Immigration Reform May Make Your Job Search Much Tougher


A new immigration bill may mean recent graduates will face stiffer competition for jobs.

Photograph by Niko Guido/Getty Images

A new immigration bill may mean recent graduates will face stiffer competition for jobs.

If you’re a recent college graduate, a doctoral candidate, or a highly-skilled professional who has been in the job market the past few years, you know it’s rough out there. But if the immigration overhaul proposed in the Senate this morning becomes law, it’s likely to get a lot rougher.

The key provision on this starts around page 299 of the 844-page bill and continues for another 300 pages or so. (Easy to find, I know.) Here’s the takeaway: Under the bill, the number of visas that can be distributed to high-skilled foreigners will increase dramatically.
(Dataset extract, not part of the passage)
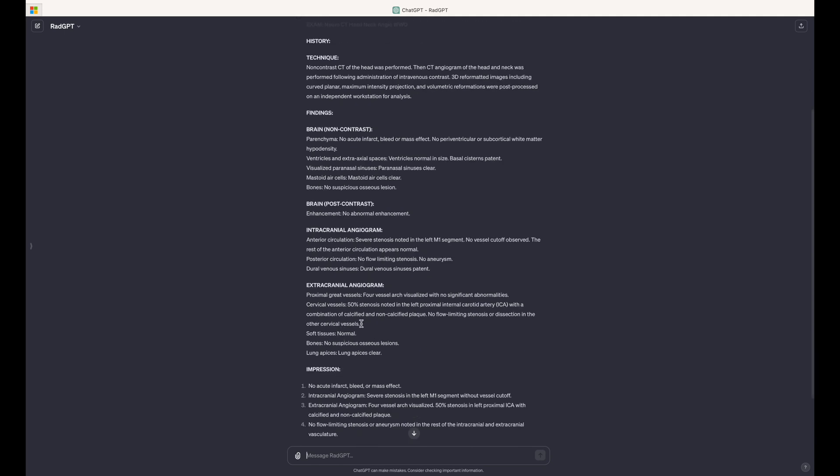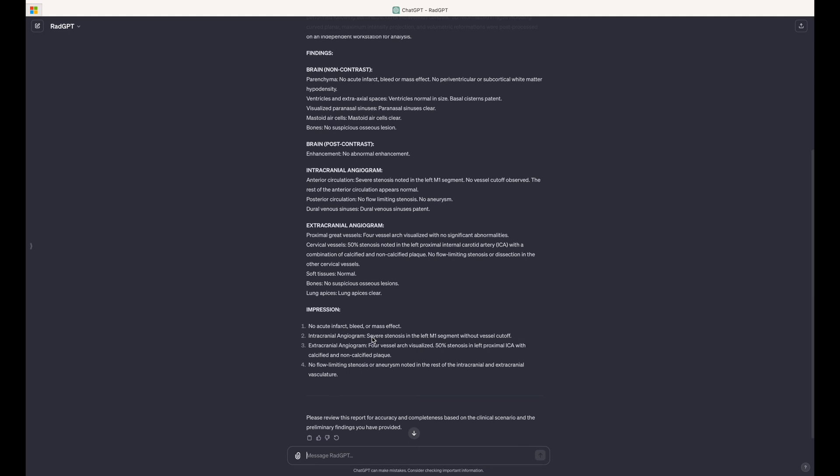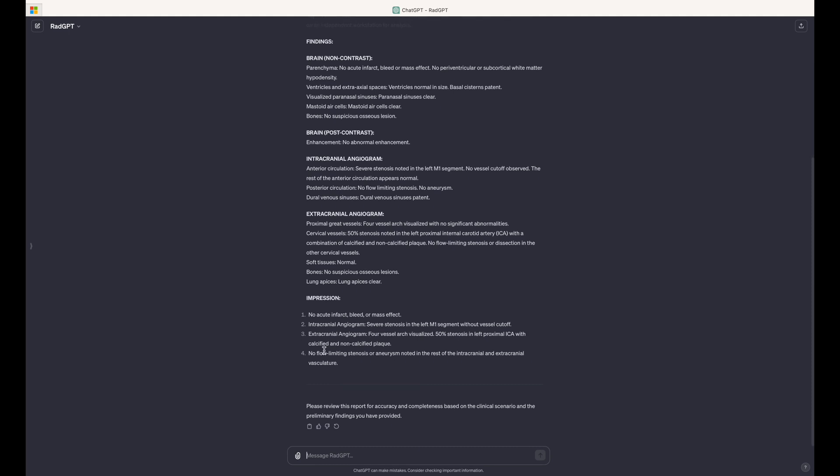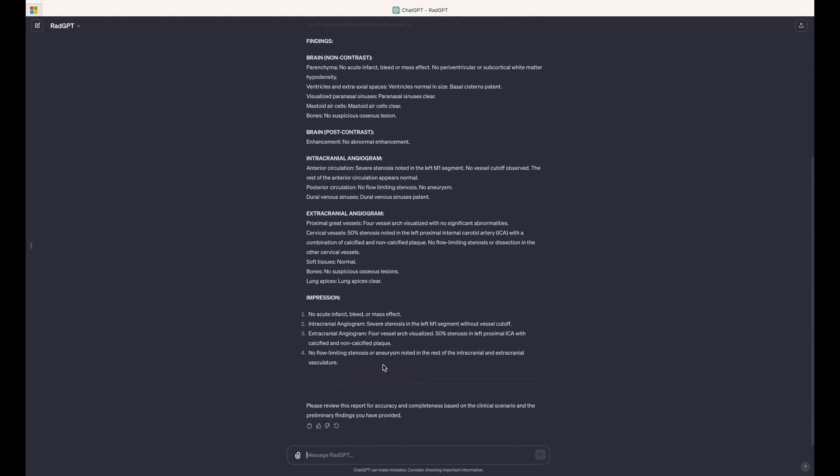And then we move down to the neck findings and you can see it's inserted 50% stenosis in the left proximal ICA in the correct location in the extracranial angiogram. And then under impression, those major findings are included.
If it passes, there will be four to five times as many high-skilled visas as are available now, says Demetrios G. Papademetriou, president of the nonpartisan think tank, the Migration Policy Institute.

The current system for distributing these visas is the highly inefficient H1-B lottery, the annual first-come, first-served lottery of 65,000 slots for high-skilled visas that Silicon Valley companies scramble for each April. (Another 20,000 are set aside for graduate students.) The visas are temporary but coveted because they allow visa holders to apply for a green card.
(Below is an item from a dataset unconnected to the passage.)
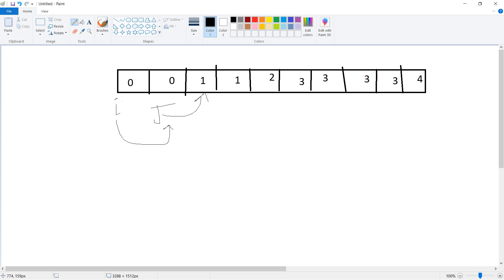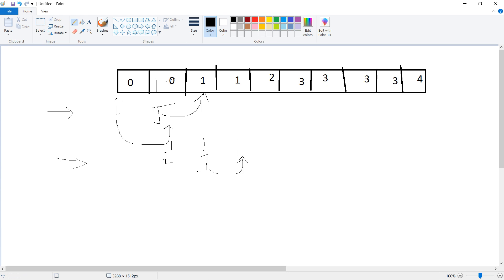After incrementing i, we assign array[j] to array[i], so the duplicate value gets overridden with the unique one. Now i is at its new position and j is at its position. Next, we iterate: i has value one and j also has value one, so both are equal. When both values are equal we increment the index of j by one. We keep incrementing j while array[i] equals array[j].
Companies have long argued that the H1-B caps don’t allow them to recruit as many qualified workers as they need, which was evident in the 2013 lottery, when the caps were reached in just five days. Sixty percent of those who applied, or 39,000 people, didn’t get a slot, says Neil Ruiz, an immigration expert at the Brookings Institution in Washington. The bill’s sponsors also argue that the reforms will entice talented college graduates to remain and work in America, to the nation’s benefit.

That cap is now being lifted to 110,000, which means it will almost match the current demand. But the number of high-skilled foreigners the U.S. lets in will actually be much greater than 110,000 and will not be limited to scientists and engineers. The Senate’s bill also lifts the caps entirely on another category of high-skilled immigrants, known as “aliens of extraordinary ability.” (Yes, that’s really the term.) If an immigrant has an MD, a PhD in math, science, or engineering, or can prove to the government that she has extraordinary abilities—a successful dancer or editor of a niche magazine, for example—then one can bypass the entire H1-B system. An employer can sponsor the immigrant immediately for a green card.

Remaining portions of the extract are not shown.